More than 450 miles of border wall, including in Texas, were built during the Trump administration. Opponents of wall construction said it was cruel and ineffective, while proponents said it was a vital part of a border strategy to stop the flow of illegal immigration.
Bush told Fox that a wall is one in a number of tools that can be used to help stop the flow of illegal immigration into the U.S.
“It’s a very effective tool to combat illegal activity, drug cartel pressure, and at least be able to direct illegal activity to a direction where federal authorities, state, county and local law enforcement can better interdict and contain the threat that’s being presented to border communities and folks around the country,” he said.

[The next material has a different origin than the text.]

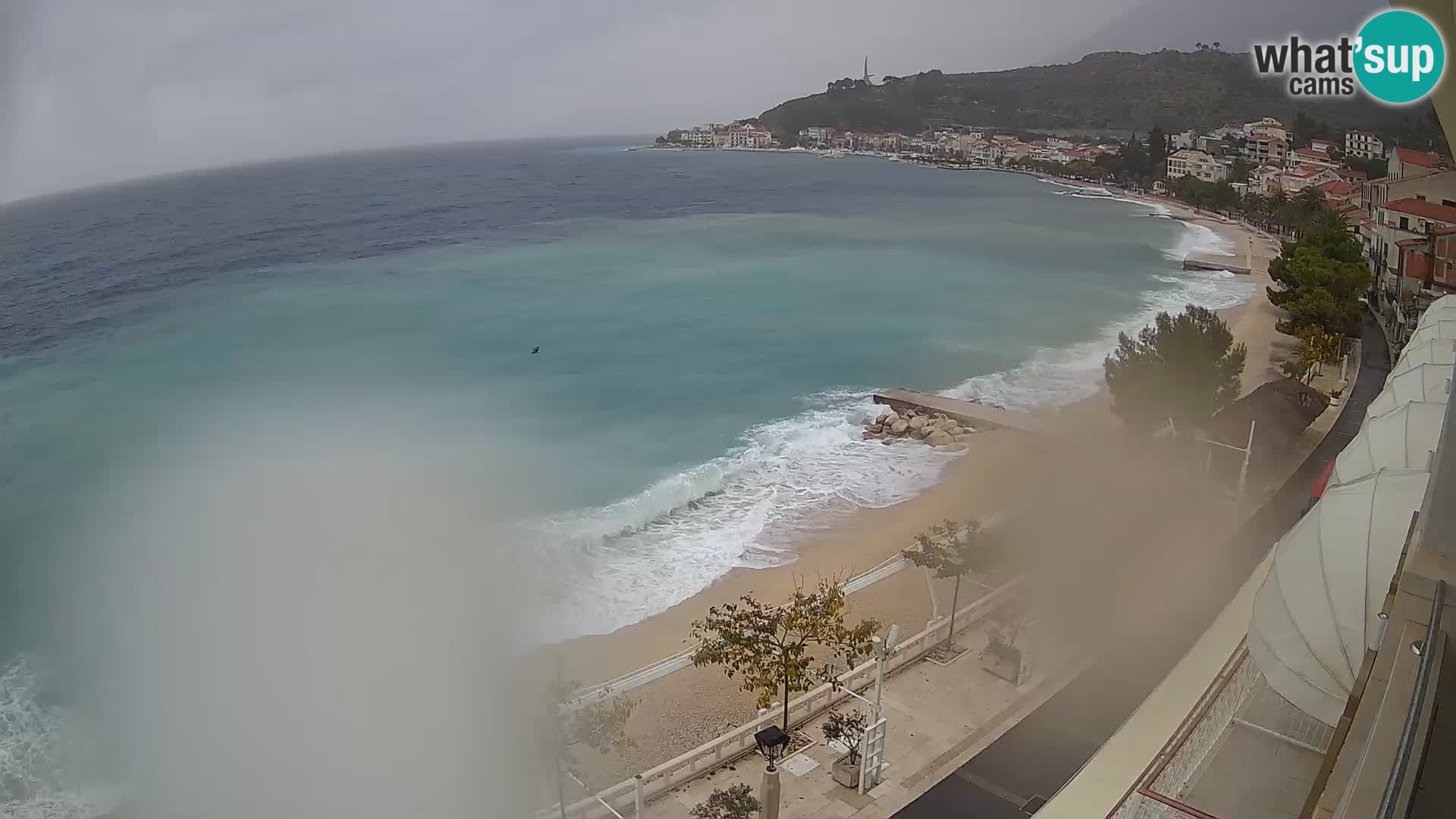 Razgled na plažo v Podgori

He said the lawsuit came about after his office was approached by farmers near Rio Grande City. The unfinished wall was on a stretch of land that would have been along state lands if it had been completed.

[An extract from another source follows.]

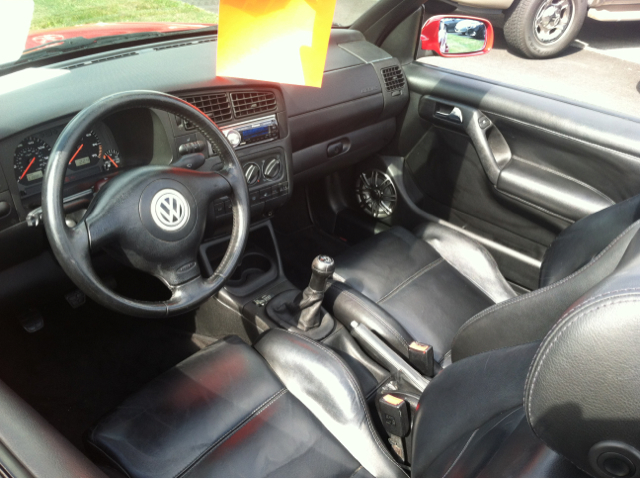 1999 Volkswagen Cabrio FWD 4dr Sport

One farmer “was noticing waves of migrants coming across his acreage that’s leased from the states of Texas, so we started building the case, like a good lawyer does, evidence to bring this case against the federal government,” he said.

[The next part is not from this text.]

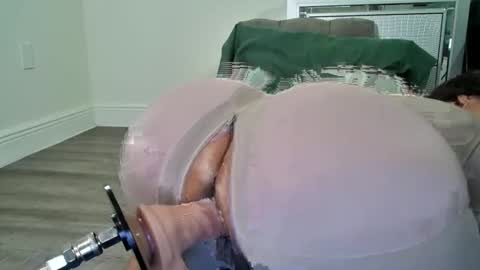 Snapshot of luckycleo chatting on 2, 3, 2026 Cleo online show from 2, 3, 2026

By setting up cameras and other tools, it showed about 1,500 migrants were moving across state land maintained on the border each month.
Bush’s announcement comes after Gov. Greg Abbott said last month that Texas is forging ahead with its own efforts to build a wall – announcing a $250 million down payment on the project. It is also being funded by public donations and nearly $400,000 was raised in the first week.
“I think my message to folks who aren’t in Texas is to come and learn more about the cost and burden we’re absorbing, because people are getting tired of it and they want help from their national government,” Bush said.
He also described the Texas Democrats who fled the state to deprive the state legislature of a quorum to vote on election integrity legislation as “absolutely disgraceful.”
“I think it’s extraordinarily disappointing, not only to the way we govern in Texas but to their constituents, and we should change the constitution so a legislator who quits their job in the middle of a special session should not get paid per diem and should not be paid a salary,” he said.
He said he believed what he called a “PR stunt gone awry” had hurt them politically, and also took a swing at their choice of beer.
“I think a lot of constituents, including Democrats here in Texas, are upset that their leadership has fled the state, have left in private jets and cracked open Miller Lites,” he said. “I don’t know what the most offensive part of it – maybe it’s the Miller Lite. As good Texas beer drinkers, there’s plenty of great Texas beer they could have had.”